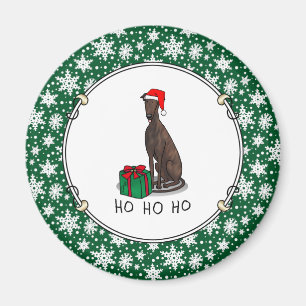 Imán Navidades de Santa Hat Greyhound Dog (romano le) G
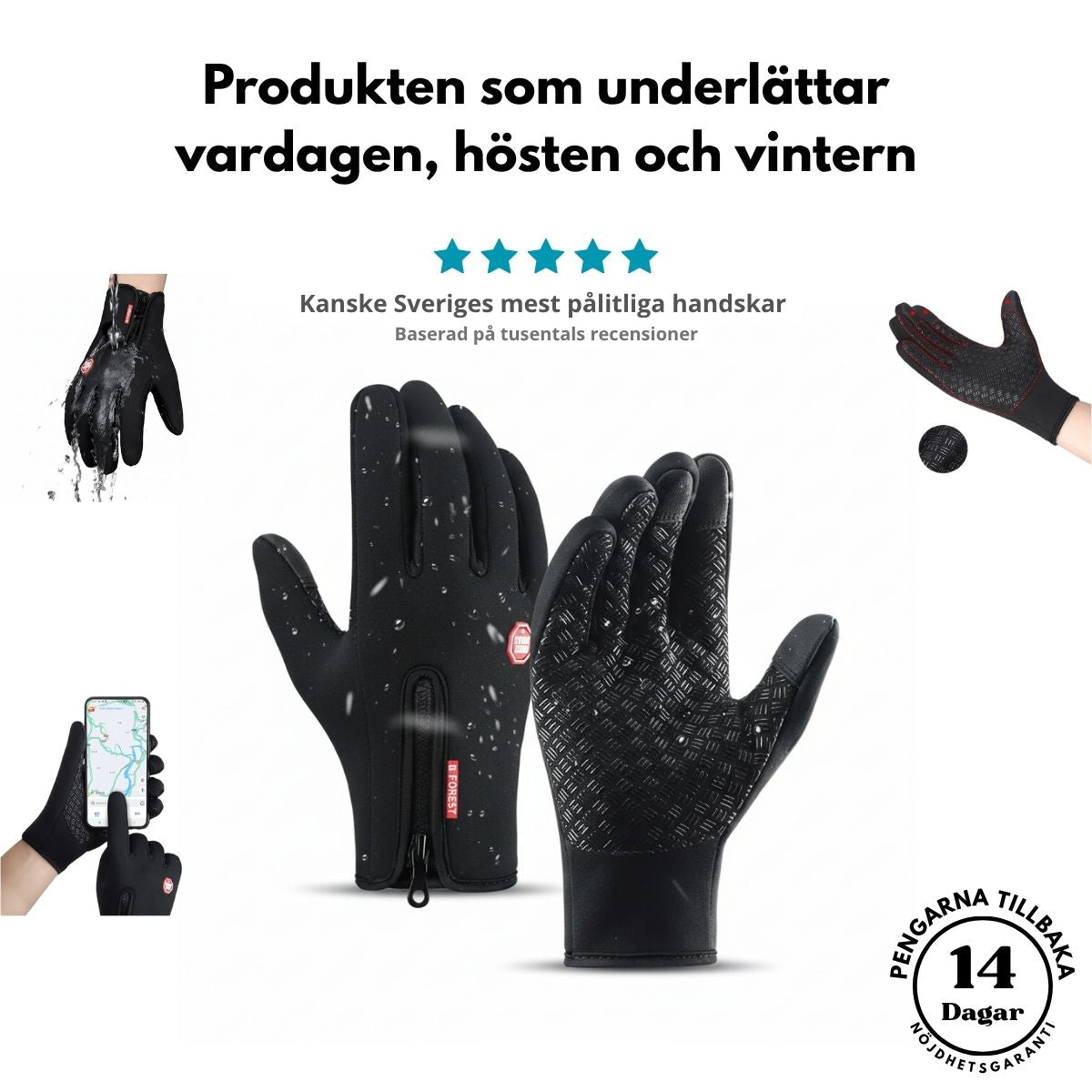 Nordiskkomfort™ – Vattentäta handskar med touchscreen-funktion
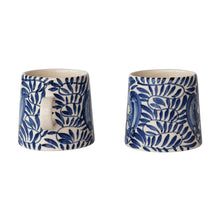 Load image into Gallery viewer, Blue Hand-Painted Stoneware Mug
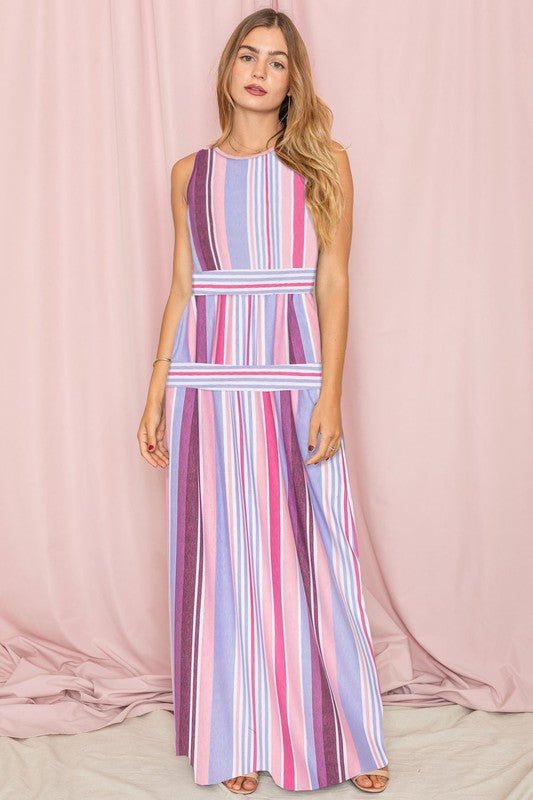 Sleeveless Mix Stripe Maxi Dress - Blu Lotus Boutique
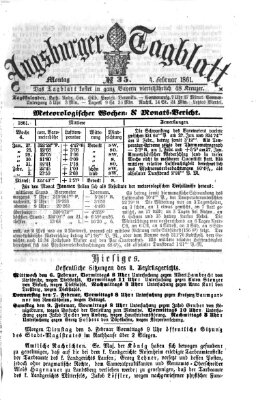 Augsburger Tagblatt Montag 4. Februar 1861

━━━━━━━━━━━━━━━━━━━━

• _Exercise goal_
Without changing a word, restate the listing above; the pictures stay out.

• _Exercise response_
 Imán Navidades de Santa Hat Greyhound Dog (romano le) G
 Nordiskkomfort™ – Vattentäta handskar med touchscreen-funktion
 Load image into Gallery viewer, Blue Hand-Painted Stoneware Mug
 Sleeveless Mix Stripe Maxi Dress - Blu Lotus Boutique
 Augsburger Tagblatt Montag 4. Februar 1861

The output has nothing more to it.